By Joseph Chow, MD, President, Ambulatory Care
“Ouch! Did that seriously just happen?”
I was having a nice conversation with a patient while suturing up his finger. He was a chef and, of course, cut his finger while chopping onions. I was just about finished, and it looked nice. I was in the midst of cleaning up my mess when somehow the syringe fell and the cap came off and the needle directly hit my finger—where it temporarily stuck, and then fell off.
I felt the sharp needle stick immediately, but calmly finished what I had to do and then quickly excused myself from the room. Initially, I could not see anything. Could I have gotten so lucky that it did not break the skin? The thought was quickly dashed by the bubble of blood that oozed from the stick site.
The disbelief began: “I have sutured hundreds of times and never had this happen before.” “I’m always careful.” “I teach students to be careful.” I could not replicate those events to fall and hit me directly even if I tried.

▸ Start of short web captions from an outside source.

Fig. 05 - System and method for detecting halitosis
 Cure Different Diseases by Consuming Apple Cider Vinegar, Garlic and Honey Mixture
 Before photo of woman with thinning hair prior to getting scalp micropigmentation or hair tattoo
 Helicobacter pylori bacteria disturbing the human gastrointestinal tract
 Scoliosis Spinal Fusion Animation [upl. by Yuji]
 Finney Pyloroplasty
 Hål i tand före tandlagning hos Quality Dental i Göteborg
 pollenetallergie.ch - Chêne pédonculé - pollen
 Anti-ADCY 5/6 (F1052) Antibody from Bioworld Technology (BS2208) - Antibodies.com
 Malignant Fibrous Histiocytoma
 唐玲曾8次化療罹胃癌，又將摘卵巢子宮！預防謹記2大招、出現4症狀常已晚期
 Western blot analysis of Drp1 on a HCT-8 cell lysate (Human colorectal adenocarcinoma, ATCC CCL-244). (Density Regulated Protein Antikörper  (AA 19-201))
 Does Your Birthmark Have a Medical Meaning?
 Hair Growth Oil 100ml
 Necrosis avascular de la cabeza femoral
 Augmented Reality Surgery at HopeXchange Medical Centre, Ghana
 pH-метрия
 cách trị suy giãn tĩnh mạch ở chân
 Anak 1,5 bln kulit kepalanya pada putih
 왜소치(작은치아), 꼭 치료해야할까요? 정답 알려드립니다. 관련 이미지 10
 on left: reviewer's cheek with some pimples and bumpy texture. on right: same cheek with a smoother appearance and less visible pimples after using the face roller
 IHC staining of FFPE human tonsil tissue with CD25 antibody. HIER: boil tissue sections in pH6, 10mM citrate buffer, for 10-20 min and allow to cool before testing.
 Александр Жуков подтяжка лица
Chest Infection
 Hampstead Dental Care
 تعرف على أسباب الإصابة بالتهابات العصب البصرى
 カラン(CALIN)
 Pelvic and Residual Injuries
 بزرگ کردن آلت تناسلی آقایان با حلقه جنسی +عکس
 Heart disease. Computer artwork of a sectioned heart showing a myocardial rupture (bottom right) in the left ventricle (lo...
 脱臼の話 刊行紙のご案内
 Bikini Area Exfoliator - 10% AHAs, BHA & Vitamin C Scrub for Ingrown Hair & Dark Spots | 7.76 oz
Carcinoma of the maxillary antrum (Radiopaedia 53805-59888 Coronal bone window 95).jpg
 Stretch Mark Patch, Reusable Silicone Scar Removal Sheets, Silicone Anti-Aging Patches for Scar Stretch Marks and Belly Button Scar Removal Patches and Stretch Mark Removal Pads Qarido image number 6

Then the questions began: “Is he clean?” “Am I going to get something transmitted to me?” “What about my wife and family?” Quickly you turn from clinician to a worried patient…“Should I even mention this?” A nurse who I have known for many years saw me and knew something was wrong. She asked what happened, and I just pointed to that bubble of blood that I had to keep wiping away.
Per our needle stick protocols, I eventually did get myself checked by the clinician working with me in between seeing patients. To boot, I checked the form to state full duty without restrictions for the rest of the shift, which did include more lacerations.
Three months later, I have had follow-ups with normal testing results. It is somewhat of a distant memory, but I do remember what I learned.
First, remember our patients bring thoughts (rational or irrational) and concerns. My head knew the likelihood of transmitting anything from that stick is exceedingly low, but I still thought it. It is our job to help alleviate not only physical discomfort but also emotional angst, and often that is what patients need. Even the most steadfast can become concerned in a snap during the course of an event they are not used to.
Next, ask for help. I am grateful for the nurse who recognized something was wrong and talked some sense into me. There was a chance that I may have just shrugged it aside. Do not be afraid to seek help, because there are plenty of resources out there for you. Last, as providers, we can be tough. We work hard, feel the pressures of caring for others and still keep plugging away. It’s noble work, but think of a plane trip: the directions are to put your mask on first before helping anyone else. Make sure you take care of yourself first so you will be more effective for everyone else.]